Читать книгу Het Leven der Dieren: De Spinachtigen - Alfred Edmund Brehm - Страница 8

VIERDE ORDE. DE SCHORPIOENSPINNEN (Pedipalpi).

Оглавление

Inhoudsopgave

Men kent ± 30 soorten van deze zeer zonderlinge Spinachtigen, uitsluitend bewoners van de tropische gewesten der Oude en der Nieuwe Wereld. Evenals de Echte Spinnen hebben zij tweeledige kaaksprieten met klauwvormig eindlid, dat vermoedelijk in gemeenschap staat met een gifklier. De naam Pedipalpi beteekent, „tasterpooten” en doelt op de groote lengte en de veelledigheid van den voet der achterste kaken (of voorste pooten), die aan een „zweep” van een spriet herinnert.
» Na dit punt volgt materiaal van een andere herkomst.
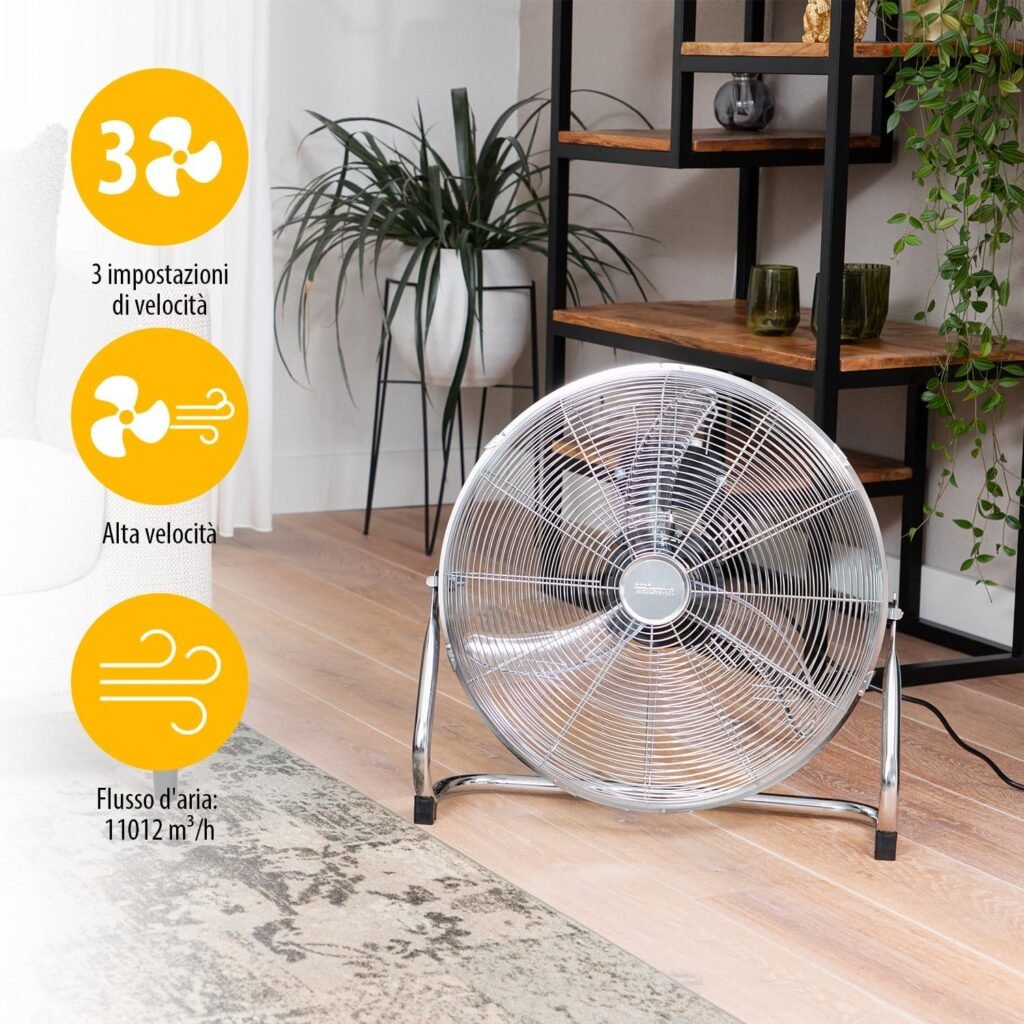 Ventilatore da Terra Tristar VE-5885 in Metallo, 120 watt, Oscillazione Regolabile 130°, 50 centimetri, Argento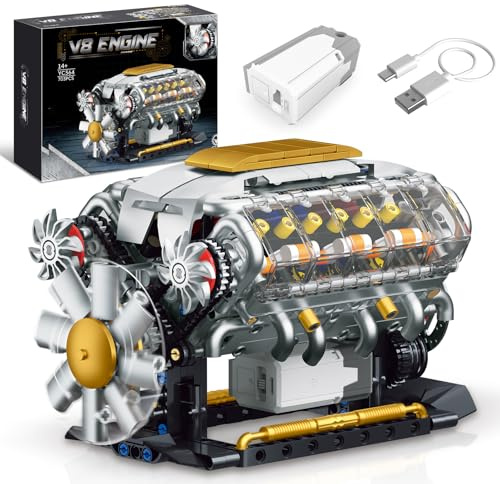 V8 Engine Model Kit That Runs, Build Your Own Mini Visible Car Motor, Compatible with Lego, Physical Science Experiment Building Set for Adults & Teens, STEM Toy Gift for Boys 14+ (703 PCS)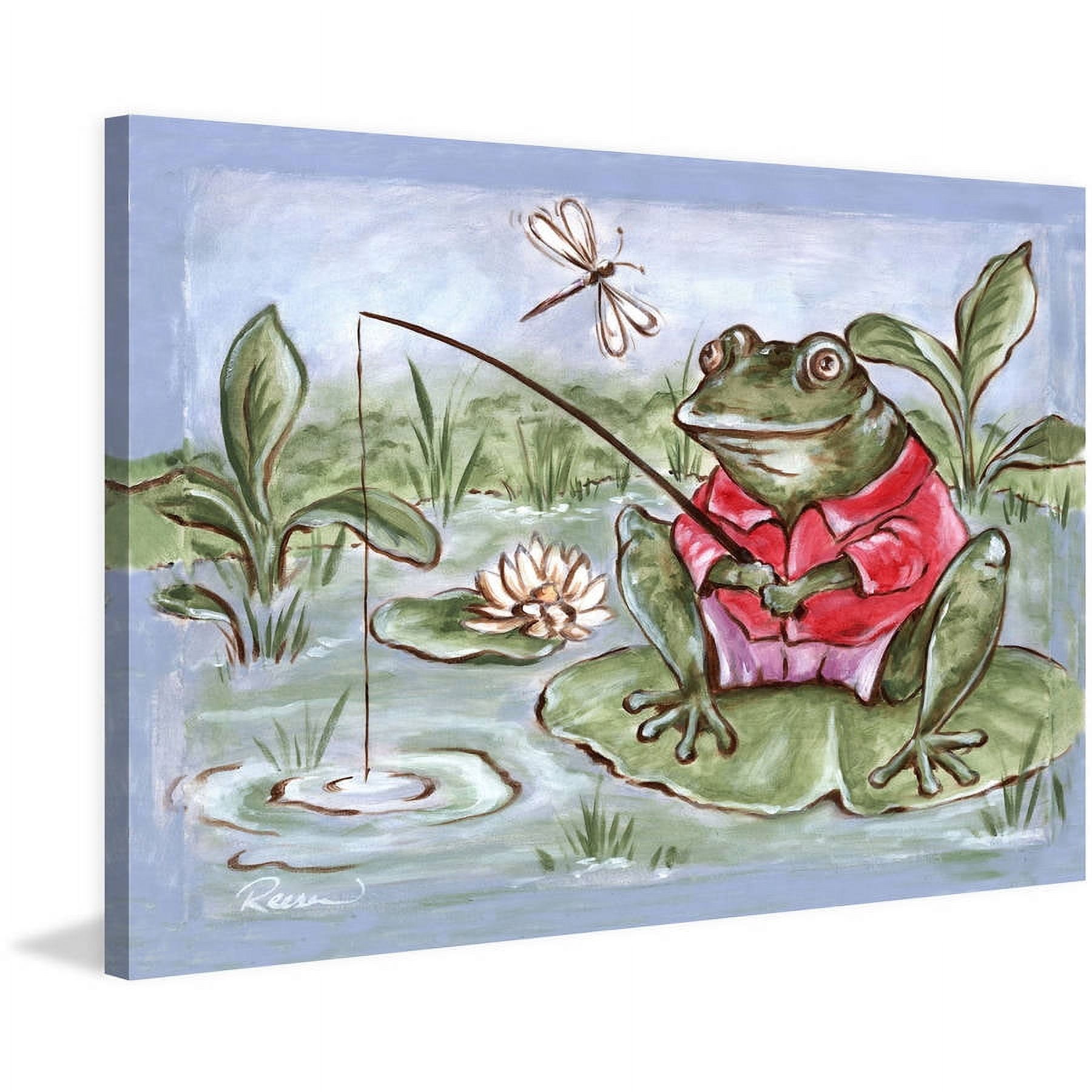 Marmont Hill "Freddie Gone Fishing" by Reesa Qualia Painting Print on Wrapped Canvas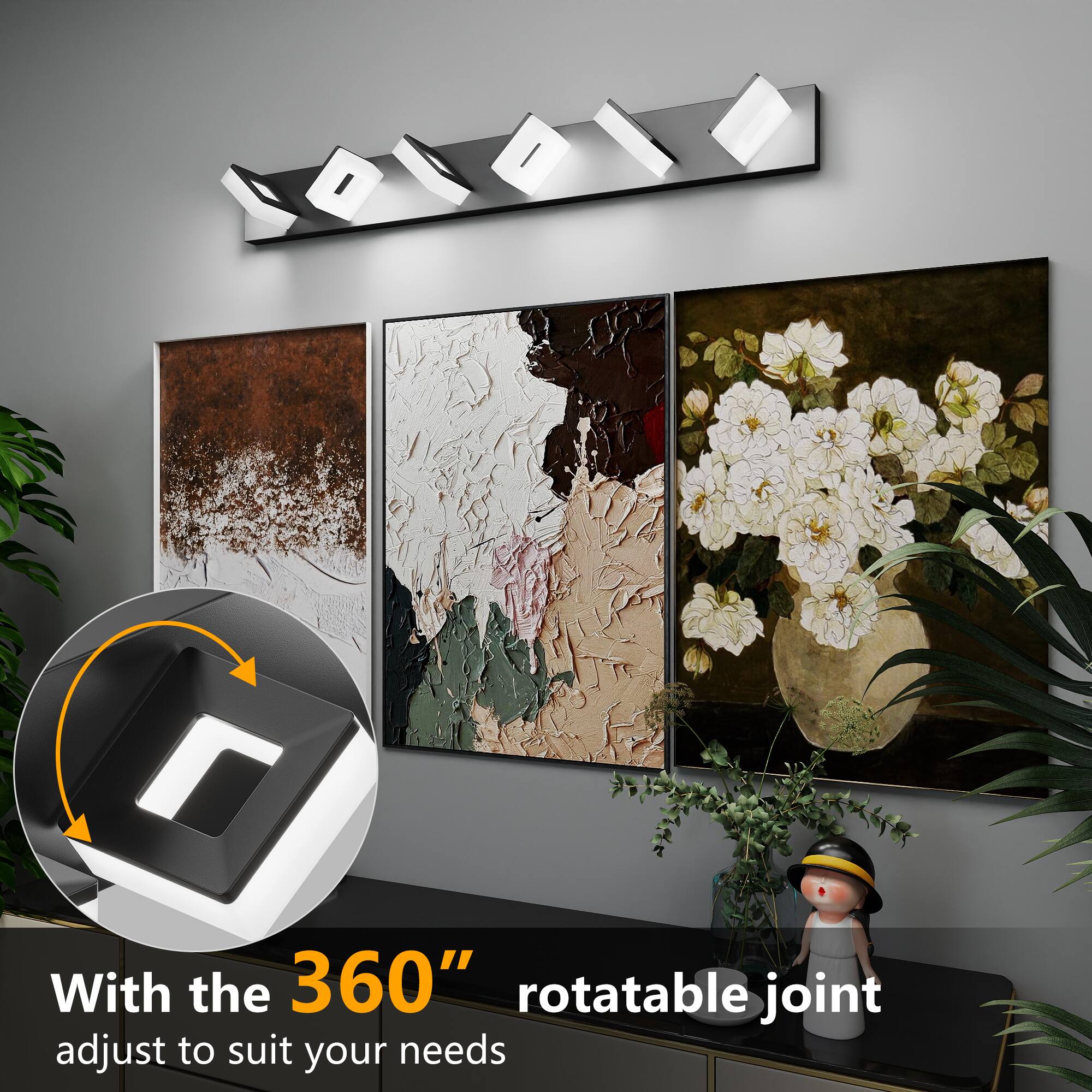 With the 360° rotatable joint adjust to suit your needs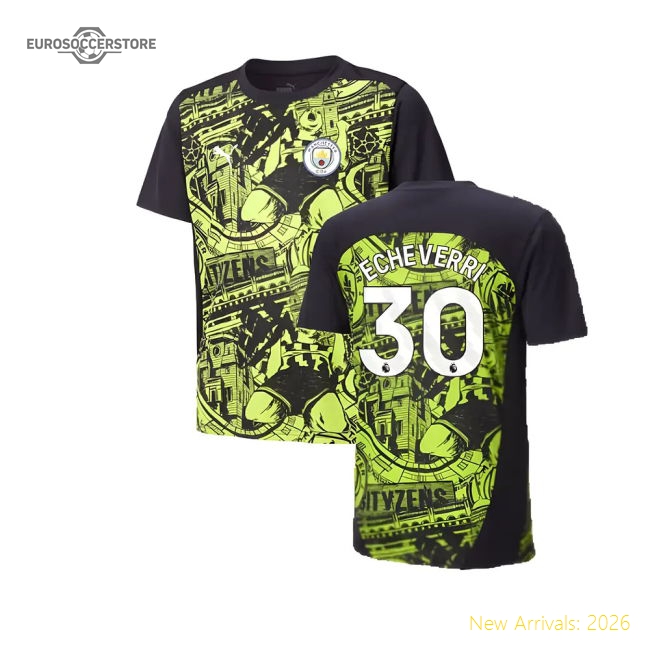 2024-2025 Man City Pre-Match Shirt Yellow Glow - Kids Echeverri 30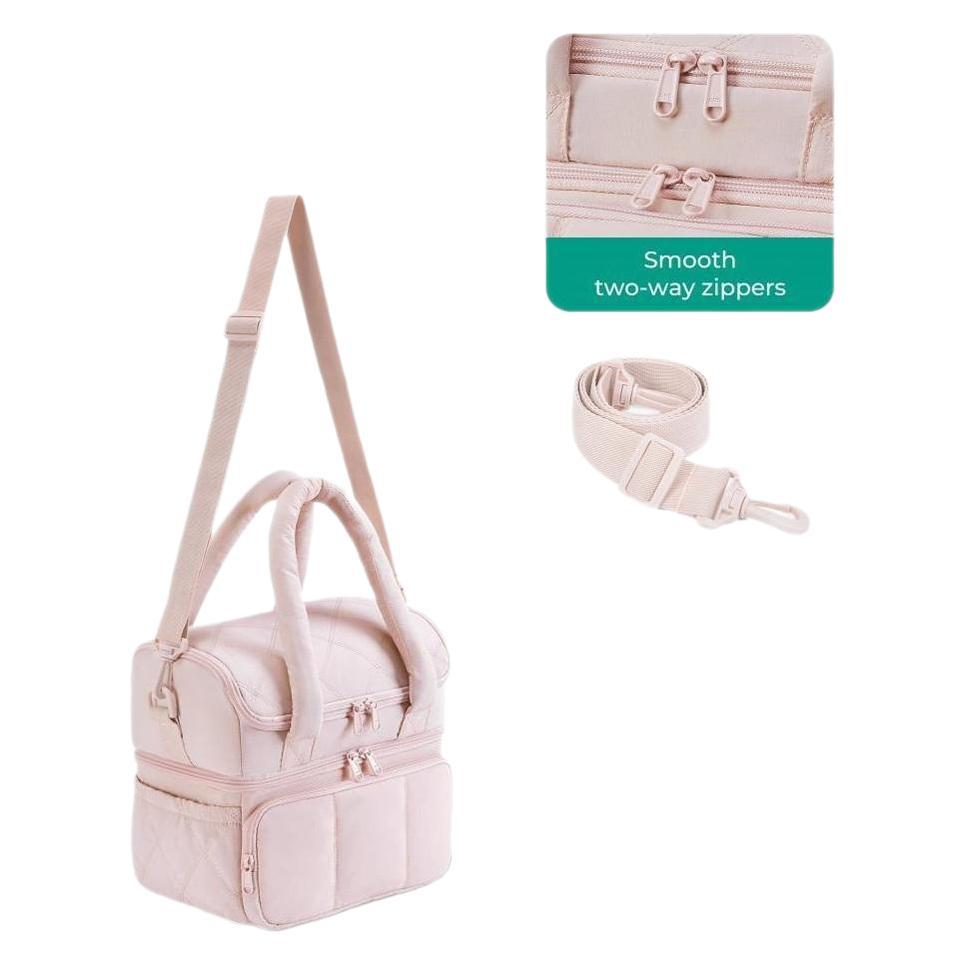 -Border New Double-Layer Women's Lunch Bag Handheld Dirt-Resistant Bento Bag Outdoor Camping Picnic Bag Leak-Proof Ice Bag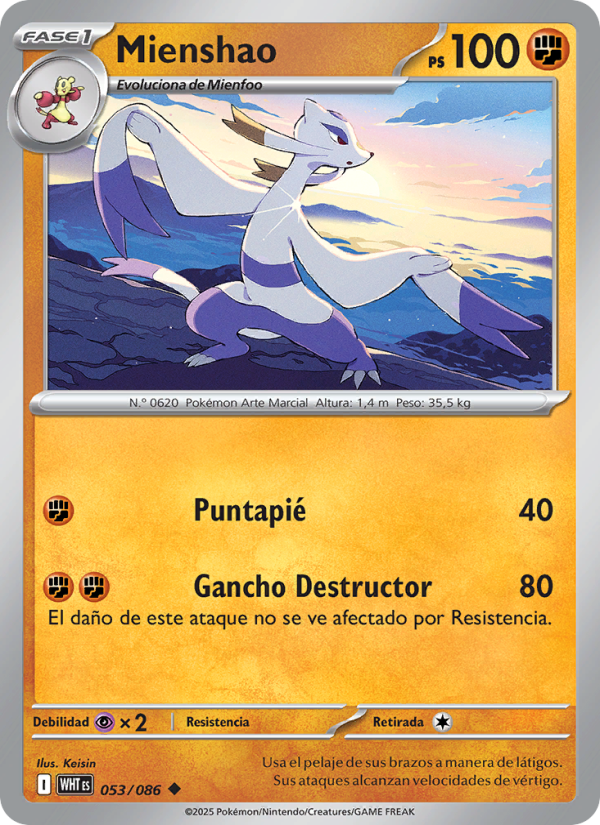 Mienshao 053 — Weiße Flammen (Spanish Pokémon TCG card)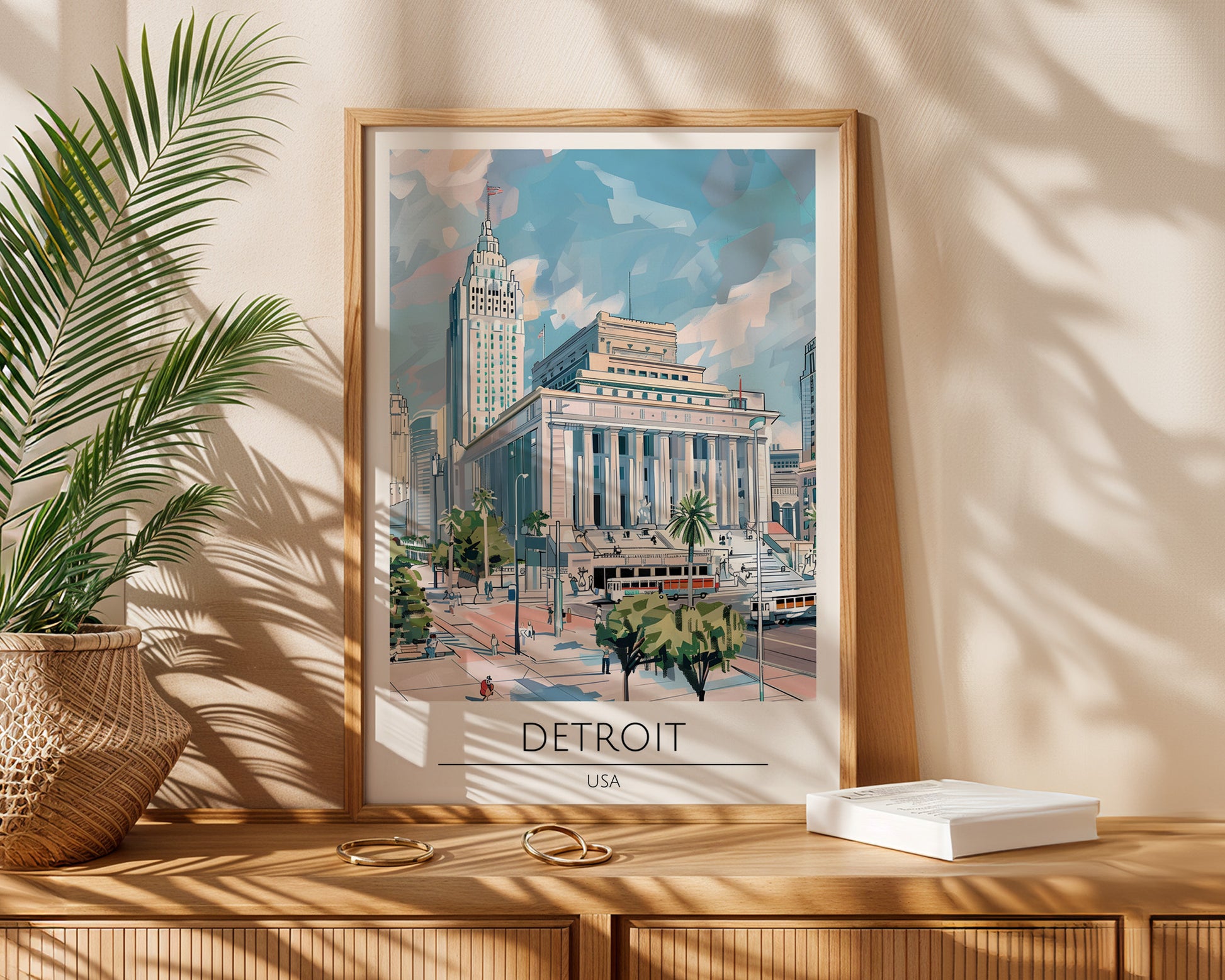 Detroit Michigan Travel Poster - GroovyGrove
Het 11- of 12-ledige achterlijf, hoewel „zittend”, is door een insnoering van het ongelede kopborststuk gescheiden.—Bij de Draadschorpioenen (Thelyphonidae) zijn de drie laatste achterlijfsleden smal en vormen een korte buis, die in een lange, veelledige draad met een stinkklier eindigt. De zweep is betrekkelijk kort en 8-ledig. De kaaktasters zijn dik, gedrongen en aan ’t einde schaarvormig. De afgebeelde soort bewoont Java en Timor en is zonder den staart 32 mM. lang.—De Zweepschorpioenen (Phrynidae) hebben een meer spinachtig voorkomen, missen den staartdraad, maar hebben een buitengewoon lange, veelledige zweep. De lange kaaktasters eindigen niet in een schaar, maar in een door stekels omgeven klauw. De afgebeelde soort leeft op San-Domingo en wordt hier soms in het vandaar uitgevoerde verfhout gevonden.


Langstaartige Draadschorpioen (Thelyphonus caudatus). Ware grootte.